Late last year, about the time when US diplomats were learning about the border violence, Biden accused Saudi Arabia of acting against US interests on other issues. Saudi leaders had cut oil production, potentially leading to a rise in global oil prices before the midterm elections. Biden administration officials thought they had reached a secret agreement for the Saudis to increase production. Biden vowed to impose “consequences” on Saudi Arabia.
“We face these cases daily coming from the border areas: dead and seriously wounded, women, old people and children.”
Mujahid al-Anisi, the head of the emergency unit at al-Jumhori Hospital
Further straining relations, Saudi Arabia had declined to join Western sanctions on Russia after its invasion of Ukraine. And Saudi Arabia’s decision to decrease oil production seemed to support Russia’s economy, which relies on oil and gas exports.

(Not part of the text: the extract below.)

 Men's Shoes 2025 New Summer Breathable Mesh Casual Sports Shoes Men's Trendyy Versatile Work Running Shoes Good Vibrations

In recent months, Biden and his aides have been talking to Saudi officials about their country establishing diplomatic relations with Israel, which would be a major geopolitical coup. In those discussions, the Saudis have asked the United States for security guarantees, more lethal weapons and help with a nuclear energy program. Biden might speak with Crown Prince Mohammed bin Salman, the de facto leader of Saudi Arabia, on the sidelines of a leadership summit of the G20 summit next month in New Delhi.
Some members of Congress, mostly Democrats, have strongly criticised Saudi Arabia for its human rights record, including its long war in Yemen. Those lawmakers will almost certainly raise further doubts about selling more arms to Saudi Arabia or working with it on a civilian nuclear program, which some US officials fear could be cover for a nuclear weapons program.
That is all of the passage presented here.